Why proximal gradient descent instead of plain subgradient methods for Lasso? I was thinking to solve Lasso via vanilla subgradient methods. But I have read people suggesting to use Proximal gradient descent. Can somebody highlight why proximal GD instead of vanilla subgradient methods be used for Lasso?
 A: An approximate solution can indeed be found for lasso using subgradient methods. For example, say we want to minimize the following loss function:
$$f(w; \lambda) = \| y - Xw \|_2^2 + \lambda \|w\|_1$$
The gradient of the penalty term is $-\lambda$ for $w_i < 0$ and $\lambda$ for $w_i > 0$, but the penalty term is nondifferentiable at $0$. Instead, we can use the subgradient $\lambda \text{sgn}(w)$, which is the same but has a value of $0$ for $w_i = 0$.

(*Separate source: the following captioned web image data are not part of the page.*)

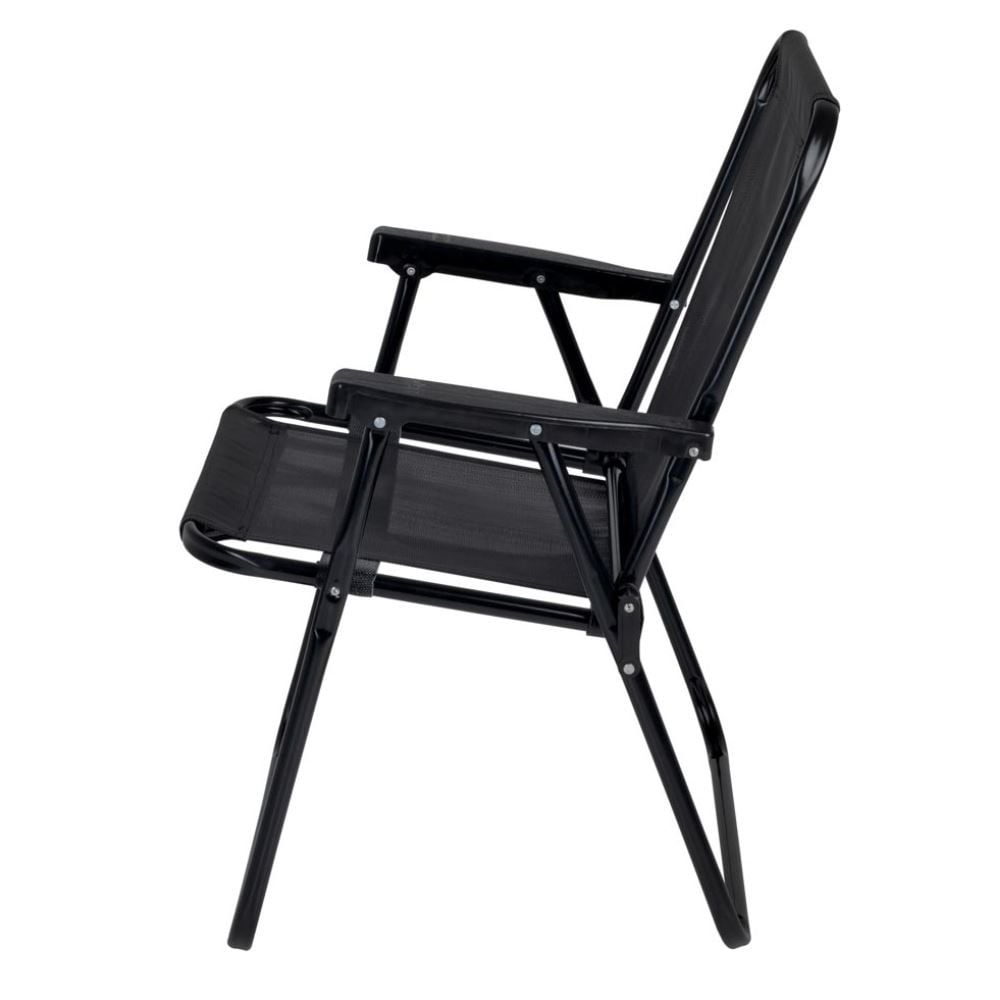 Cadeira De Praia Alta Fixa Aço Mor - Preto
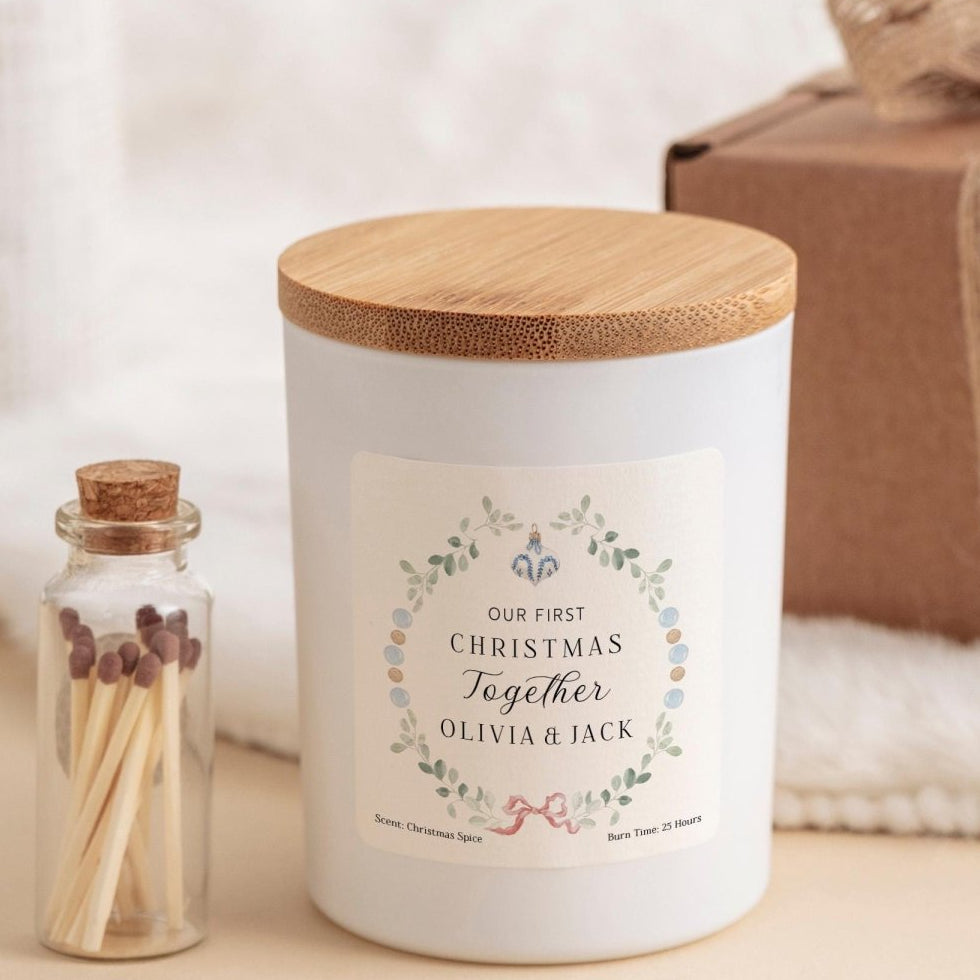 Personalised First Christmas Together Candle Gift – Romantic Keepsake for Couple Wife Husband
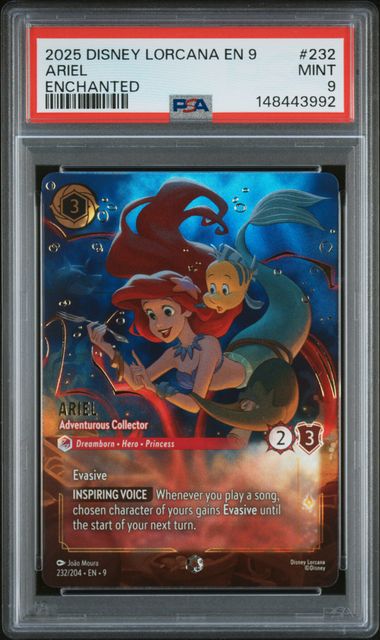 Disney Lorcana Ariel Adventurous Collector Disney Lorcana Fabled Enchanted #232/204 PSA 9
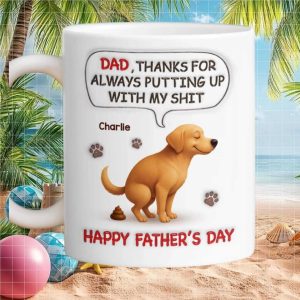 Cute Puppy Dog Father Day Gift Funny Message for Dad From Pet Mug Cute Puppy Dog Father Day Gift Funny Message for Dad From Pet Mug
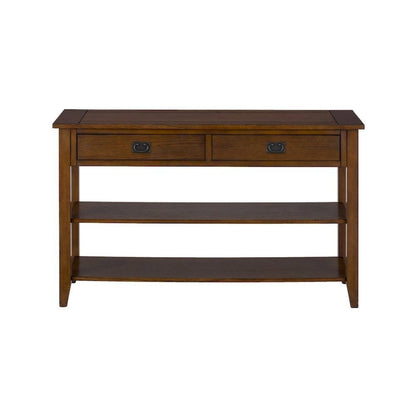 Brown Wooden Sofa Table with 2 Drawers – Elegant Entryway and Hallway Table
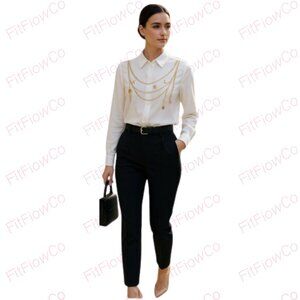 🖤 BF Karl Lagerfeld Paris White Chain Embellished Blouse – NWT – Size XS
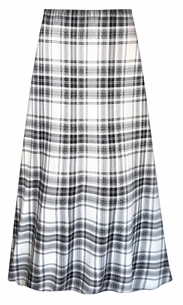 Plus Size Black & White Plaid Brushed Skirt (XL-9X) Customizable Length & Fit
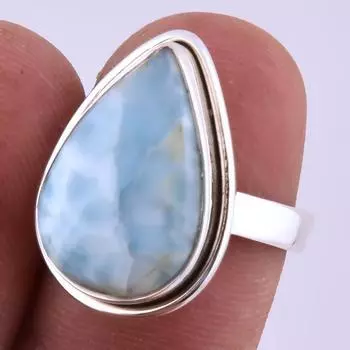 Natural Republic Larimar Gemstone Handmade 925 Sterling Silver Ring S.7 F2D98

The corresponding subgradient for the loss function is:
$$g(w; \lambda) = -2X^T (y - X w) + \lambda \text{sgn}(w)$$
We can minimize the loss function using an approach similar to gradient descent, but using the subgradient (which is equal to the gradient everywhere except $0$, where the gradient is undefined). The solution can be very close to the true lasso solution, but may not contain exact zeros--where weights should have been zero, they make take extremely small values instead. This lack of true sparsity is one reason not to use subgradient methods for lasso. Dedicated solvers take advantage of the problem structure to produce truly sparse solutions in a computationally efficient way. This post says that, besides producing sparse solutions, dedicated methods (including proximal gradient methods) have faster convergence rates than subgradient methods. He gives some references.